__SUPPLIED DATA__:
------------------------------------------------------------

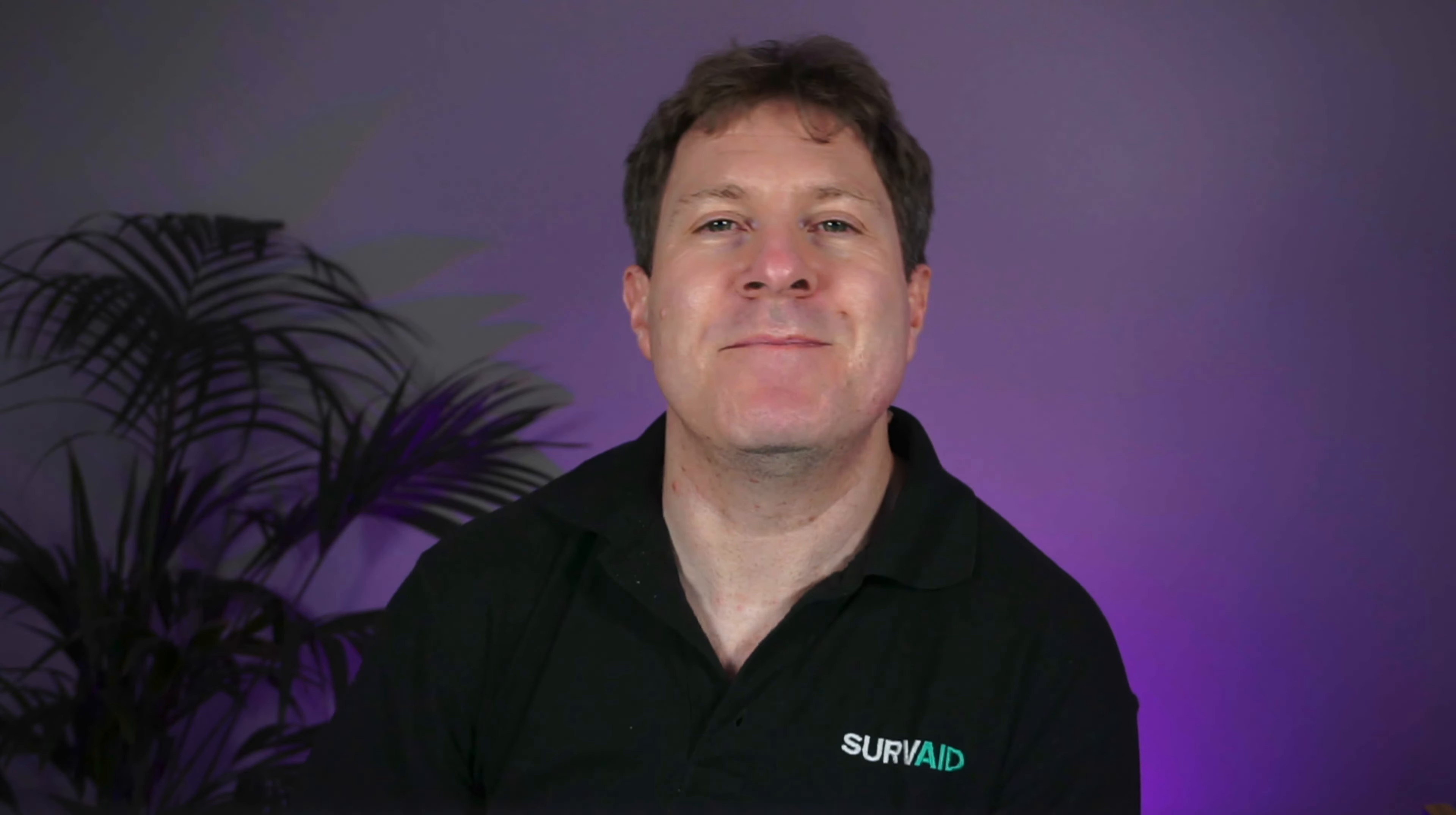Hi everyone, this is Jimmy at Surveyed. In this video we're going to have a look at the searchable map in the Surveyed web portal.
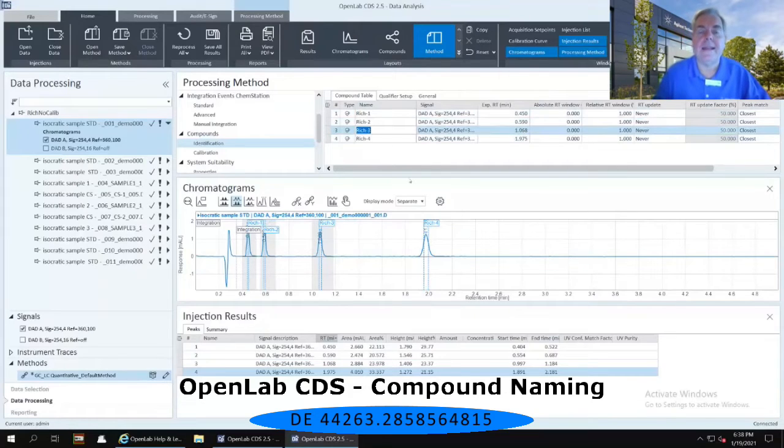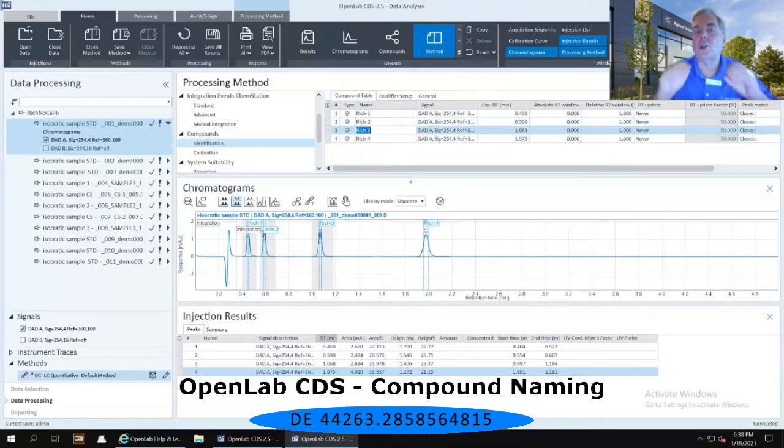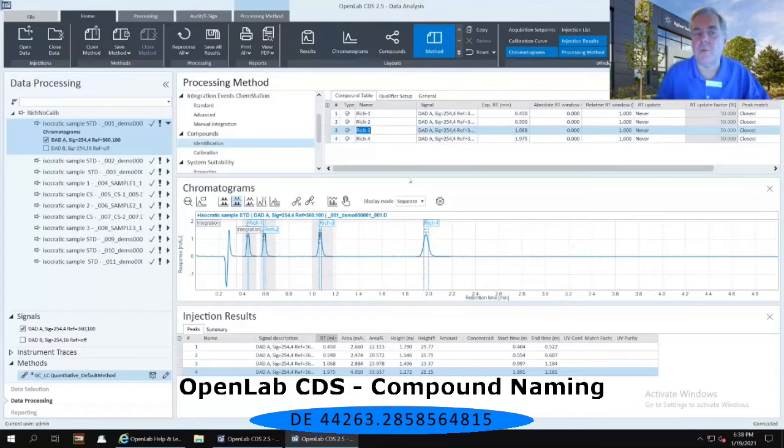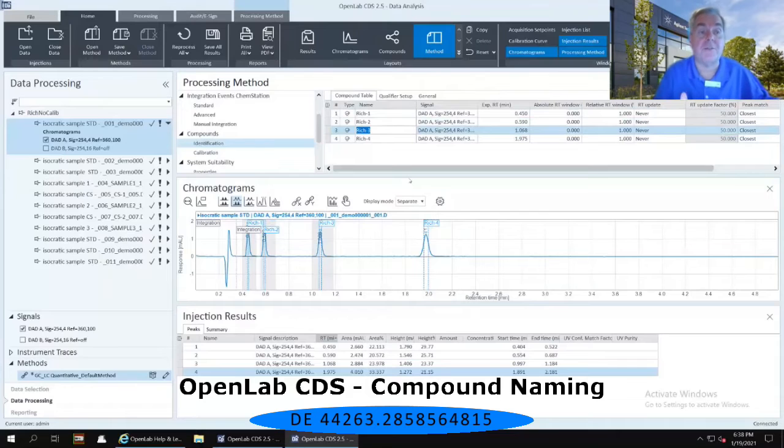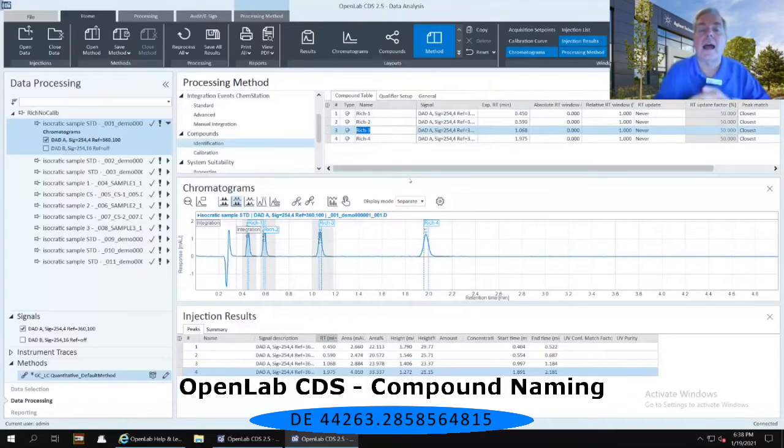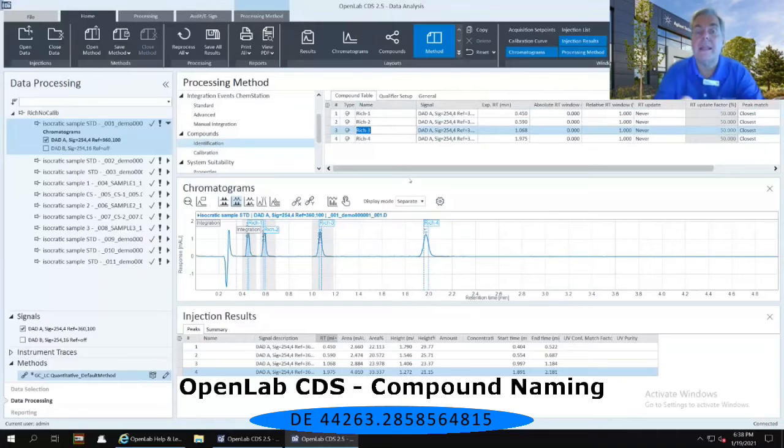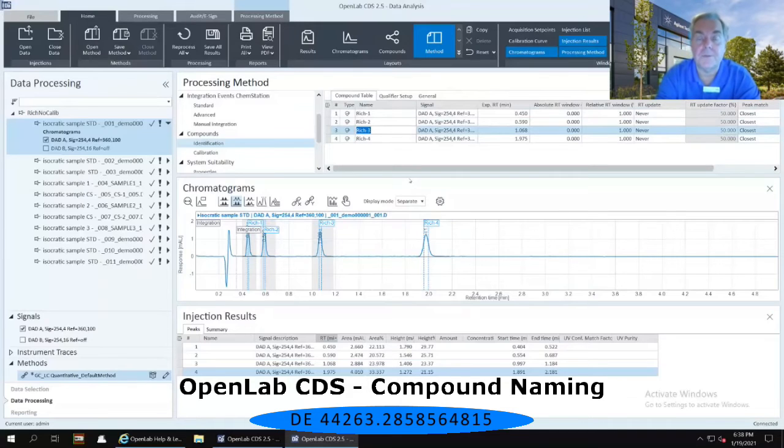Now again, making sure that our lowest-level standard is the one that we have highlighted on the left-hand side, which should be the very first injection of that Rich-Nocal set of results. I have now named each one of my compounds.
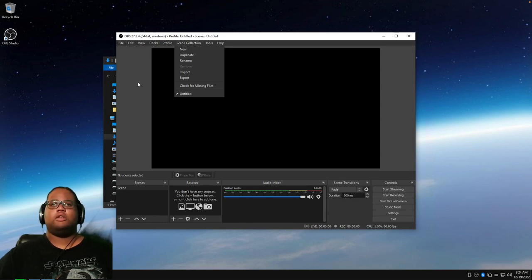Thanks for watching — I hope this helped. I found people who didn't know how to do certain things in OBS, so I tried to help. I was asked by a couple of friends to make this video.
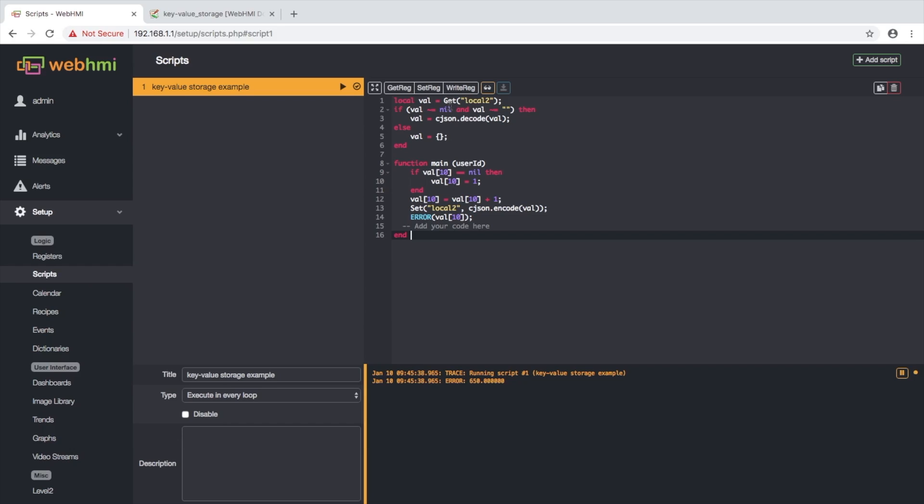Basically what we do here, we get variable called local2 from storage. And if it's not empty, we decode this into table. And in main function, we check if this table has element number 10. If it's nil, we set it to 1.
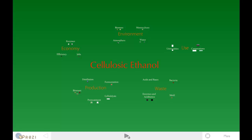Hi guys, I'm going to talk to you today about cellulosic ethanol, which is a means of producing an alternative fuel. I'm going to talk about the production, the waste associated with it, where it's produced, the use of it, the environmental impacts, and the economic impacts.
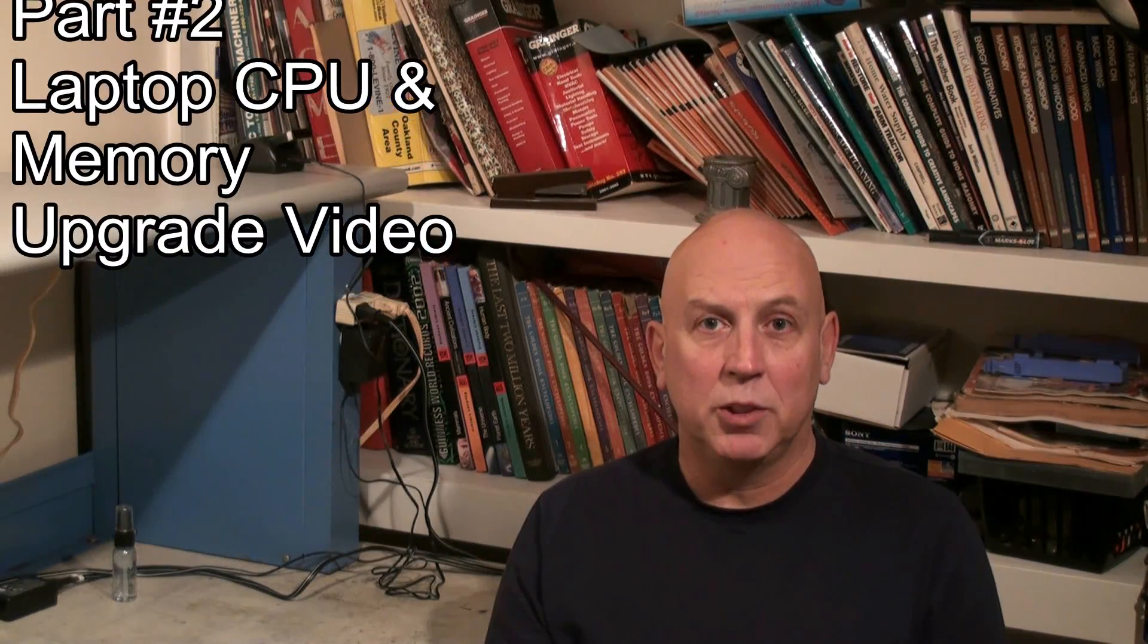Hi everyone, this is 3OnePockets and I'd like to welcome everyone to part number two of my D610 CPU and memory upgrade video.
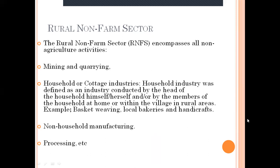Rural non-farm sectors include activities like mining and quarrying, and household or cottage industries such as basket weaving, local bakeries, and handicrafts. A household industry is defined as an industry conducted by the head of the household or members of the household at home, within a village or rural area — one in which only family members are part of the industry. Non-household manufacturing also comes under rural non-farming sectors. Processing industries — where some kind of processing is happening in villages — also fall under the non-farming sector.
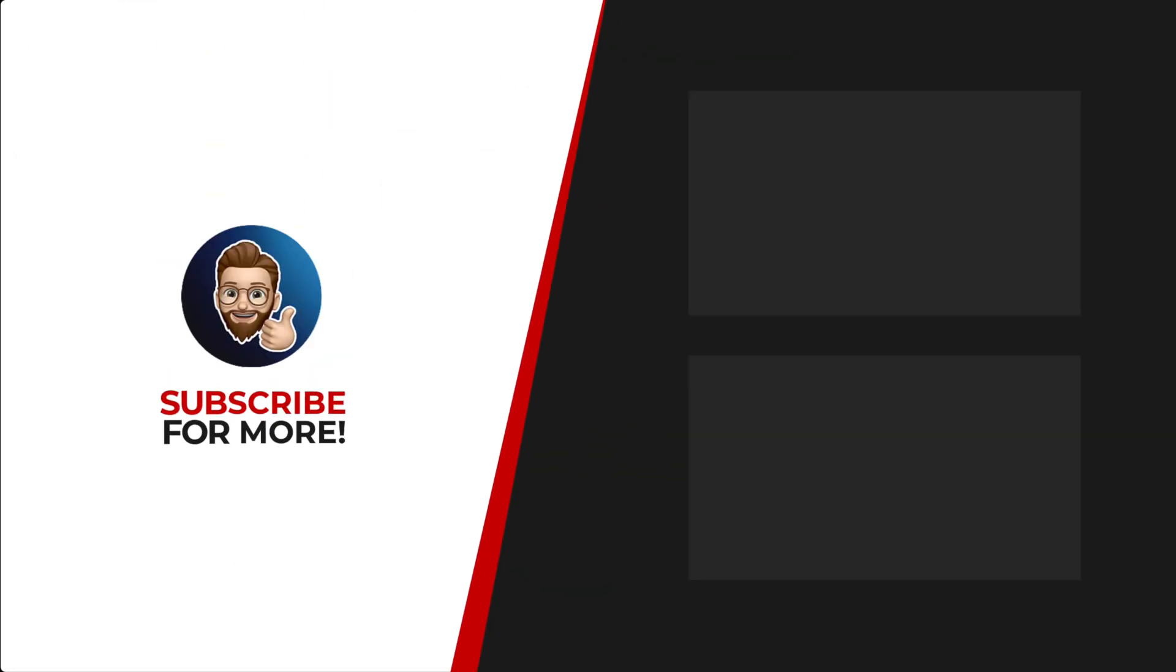Thanks for watching. If you'd like to see more content like this, be sure to check out the channel, and if you like what you see, don't forget to hit that subscribe button.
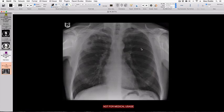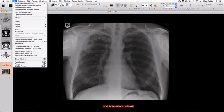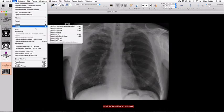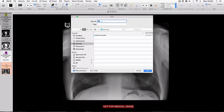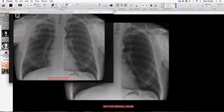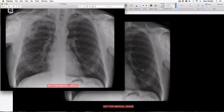If I want to export this chest radiograph as a JPEG to include in a PowerPoint presentation or to add to a document, I go to File under the OSIRx menu, then Export, and choose Export to JPEG, Current Image Only, OK, and then choose where I'd like to save it. I'll save it to the desktop and press Save. You can see that even though the 'Not For Medical Usage' logo was not overlying the image when we exported it, it has been burned onto the exported JPEG.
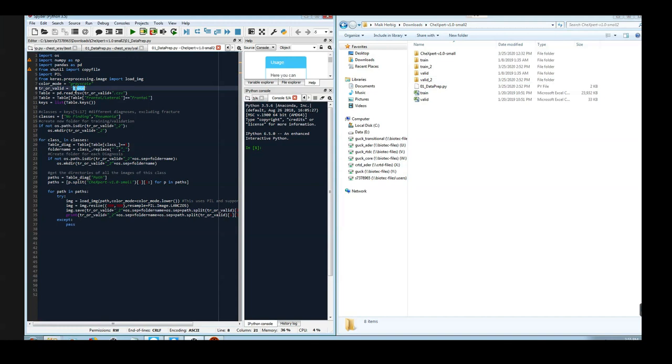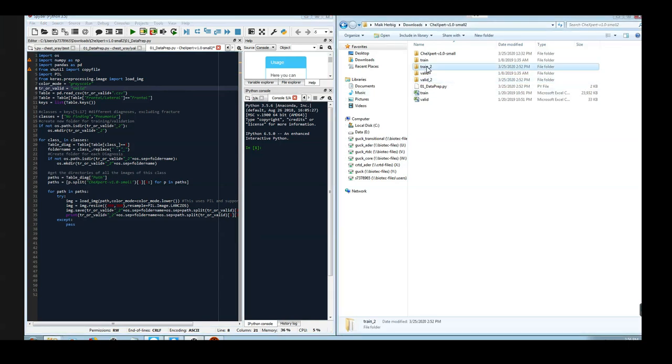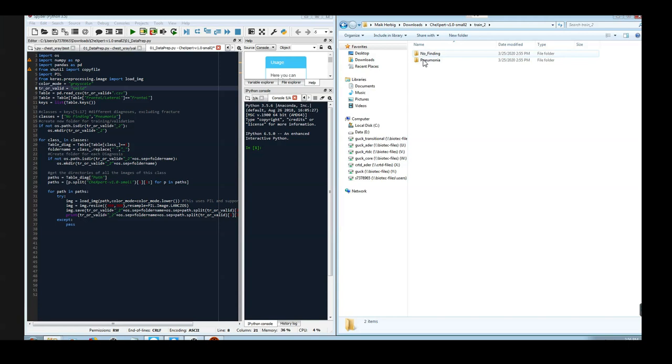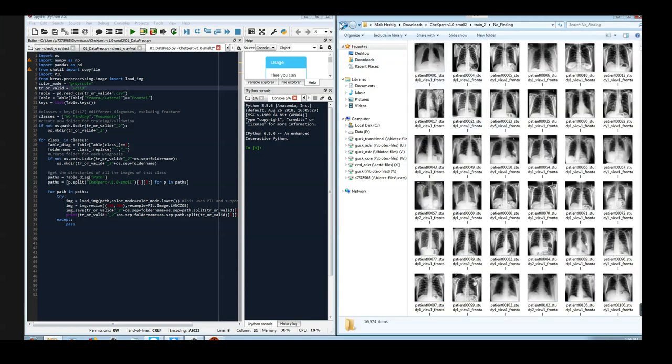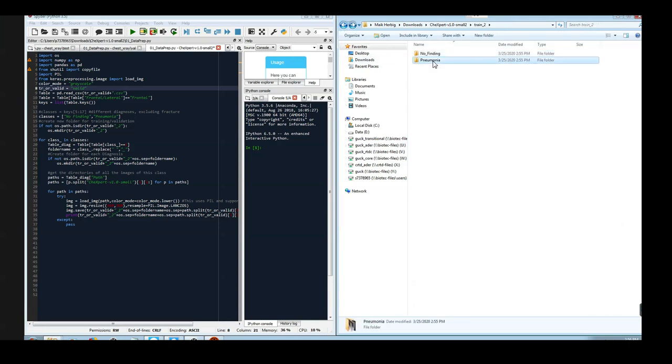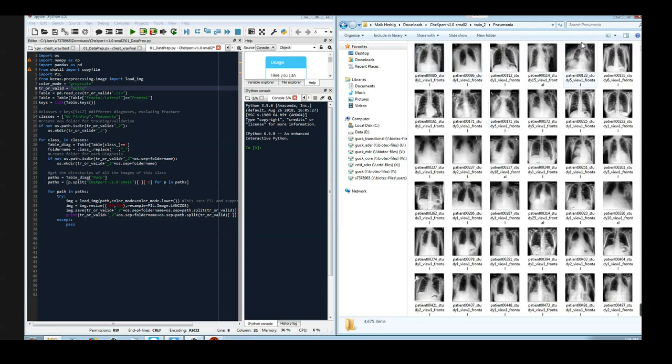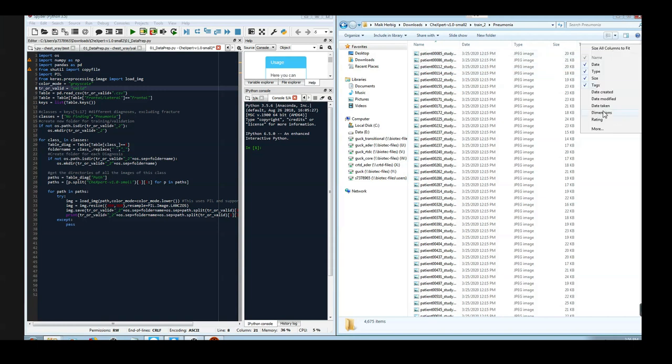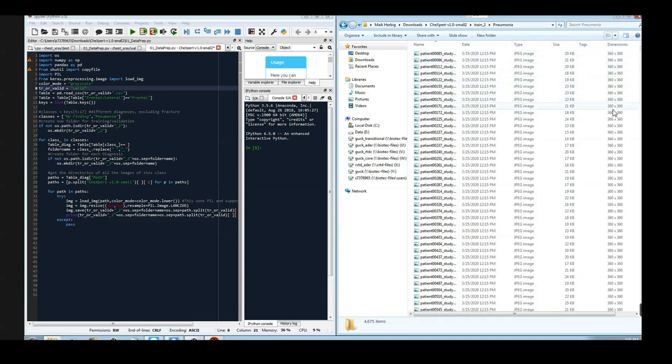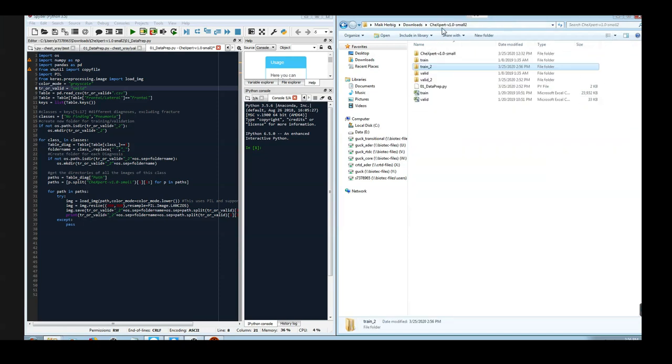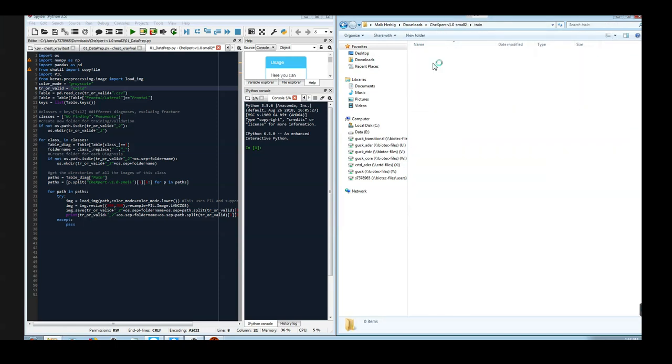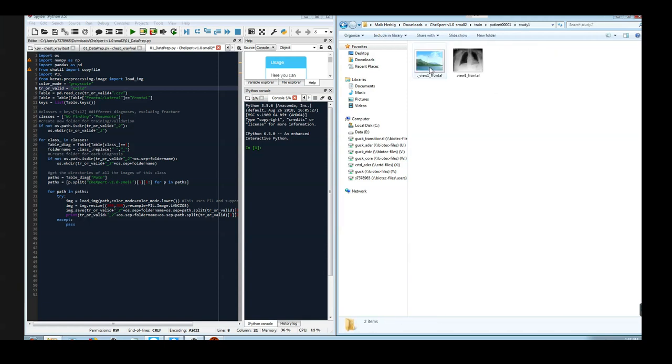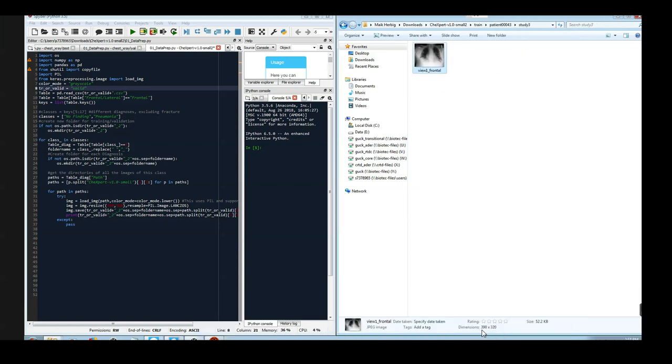After you run this script once for training and once for validation, you will get new folders called train_2 and valid_2. And when you have a look into these folders, you will find that there is now a folder for 'no finding' containing images and another folder for pneumonia containing images. Let's have a look at the details of those images in order to check the dimensions. Now all the images are 360 by 360 pixels, while the initial data actually contained images of very different dimensions. For example, this one has a dimension of 389 by 320. This one has 390 by 320.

------------------------------------------------------------

Everything from the first line of the records through the line containing "Now again, making" should be reproduced exactly, apart from the pictures.

Hi everyone, this is Jimmy at Surveyed. In this video we're going to have a look at the searchable map in the Surveyed web portal.
Now again, making sure that our lowest-level standard is the one that we have highlighted on the left-hand side, which should be the very first injection of that Rich-Nocal set of results. I have now named each one of my compounds.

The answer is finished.